Dennis has been informed, but Ahn seems to be the only one to know the registar info and server IP.

Anyone know the previous Public IP?


----------



## Wompa (Oct 30, 2009)

https://web.archive.org/web/*/www.corrado-club.ca


----------



## a_riot (Jun 14, 2005)

91GSiXTY said:


> Dennis has been informed, but Ahn seems to be the only one to know the registar info and server IP.
> 
> Anyone know the previous Public IP?


Not sure how having the previous IP address would help. The registration ends in 5 days, so if someone can register it and host it that would work. But who has the files? Ahn or Dennis? Dennis was the site admin, so he must have the files on backup somewhere.

corrado-club.ca is Registered.
whois lookup at whois.cira.ca...
Domain name: corrado-club.ca
Domain status: to be released
TBR Release date: 2017/03/15
DNSSEC: Unsigned


----------



## 91GSiXTY (Jun 11, 2001)

I finally got ahold of Ahn. He is looking at getting the site back up and restored.
:beer::beer::beer::beer::beer: 5 Canadian Beers!


----------



## TonySkate (Nov 16, 2012)

91GSiXTY said:


> I finally got ahold of Ahn. He is looking at getting the site back up and restored.
> 5 Canadian Beers!


Great news!!!! Thanks!


----------



## mateok (Mar 14, 2001)

All the stubbies for CCC!


----------



## a_riot (Jun 14, 2005)

3 cheers for hosers, b'y!

3 éloges pour les Canadiens!


----------



## turtledub (May 10, 2006)

Sweet! 

Sent from my LG-H830 using Tapatalk


----------



## [email protected] (Jan 15, 2006)

Hey guys

I was able to get some help to get this site back. I wasn't checking the email for the registration for the longest time but to make a long story short we either can get the domain back on the 15th or have to register a new one (corradoclub.ca), if someone snags it. Anyways, the site need an overhaul and someone needs to step in cause I haven't got the time of the tech knowledge to transfer the forum over. Hope you guys can help do that later. 

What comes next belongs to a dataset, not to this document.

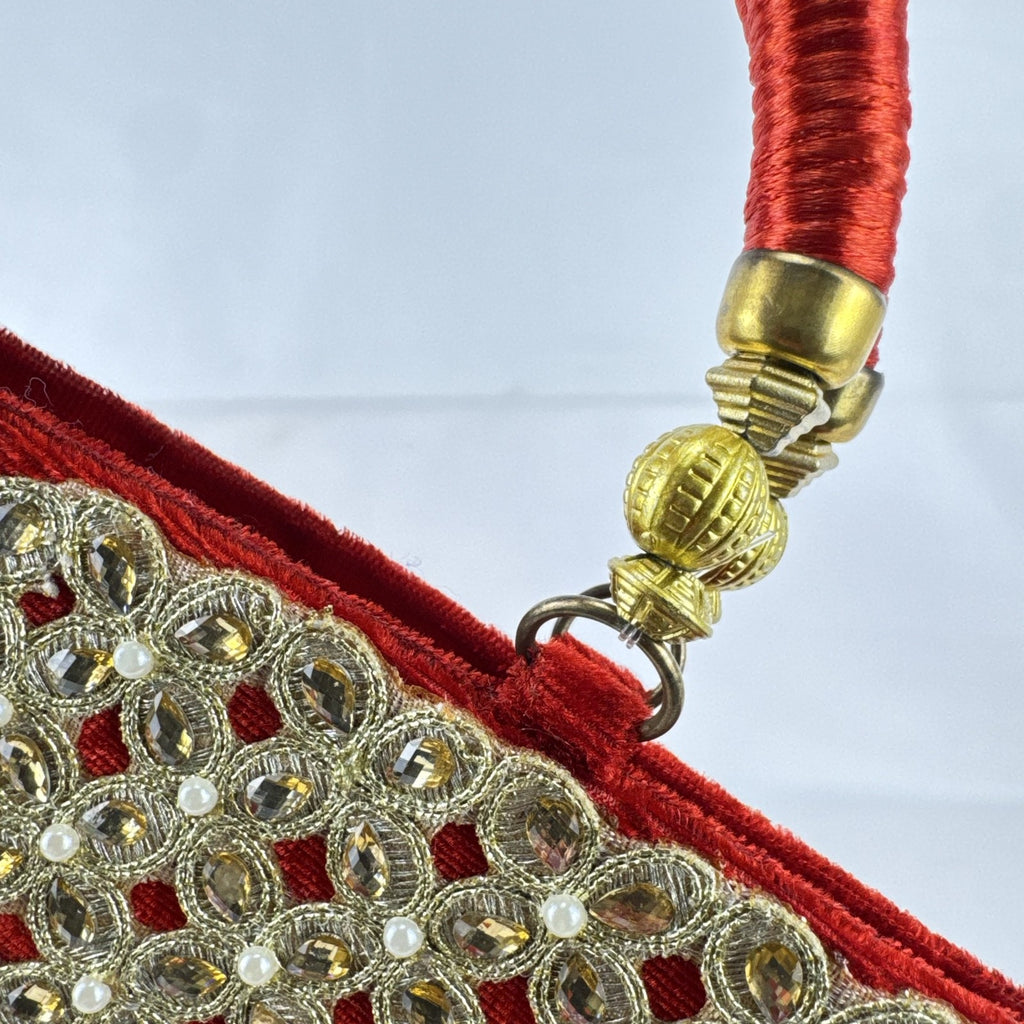 Red velvet top handle evening handbag with ornate gold-tone rhinestone and bead embellishments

Hope you guys are doing well and your cars too lol


----------



## a_riot (Jun 14, 2005)

[email protected] said:


> Hey guys
> 
> I was able to get some help to get this site back. I wasn't checking the email for the registration for the longest time but to make a long story short we either can get the domain back on the 15th or have to register a new one (corradoclub.ca), if someone snags it. Anyways, the site need an overhaul and someone needs to step in cause I haven't got the time of the tech knowledge to transfer the forum over. Hope you guys can help do that later.
> 
> Hope you guys are doing well and your cars too lol


I can help if need be, having some tech edukashun. Let me know what's needed and I can see what I can do to help. corradoclub.ca is probably a better URL anyway, without the hyphen. I just signed up for a free AWS account, and am trying things out. Might be a good place to host it. Thanks for looking into it. I can't register the .ca domain, not having Canadian residency, but perhaps Dennis can.


----------



## 91GSiXTY (Jun 11, 2001)

a_riot said:


> corradoclub.ca is probably a better URL anyway, without the hyphen.


The hyphen was used to match the US site corrado-club.com

http://www.corradoclub.ca registered. :thumbup:
! Under Construction ! :thumbdown:
Rebuild, migrate help needed. php3 to vbulletin v5 (impex)


----------



## TheDeckMan (Sep 26, 2004)

91GSiXTY said:


> The hyphen was used to match the US site corrado-club.com
> 
> http://www.corradoclub.ca registered. :thumbup:
> ! Under Construction ! :thumbdown:
> Rebuild, migrate help needed. php3 to vbulletin v5 (impex)


paging Kyle


----------



## a_riot (Jun 14, 2005)

Looks like part of the site is now up at the old address, but has issues.


----------



## turtlehat (Oct 19, 2004)

*Help With Site*

If anyone needs help getting the site up please let me know. I'm a full time web developer and need this site to keep my Corrado running.


----------



## turtledub (May 10, 2006)

Please let the technical stuff be there with all the pics. I have a 5 speed swap to do!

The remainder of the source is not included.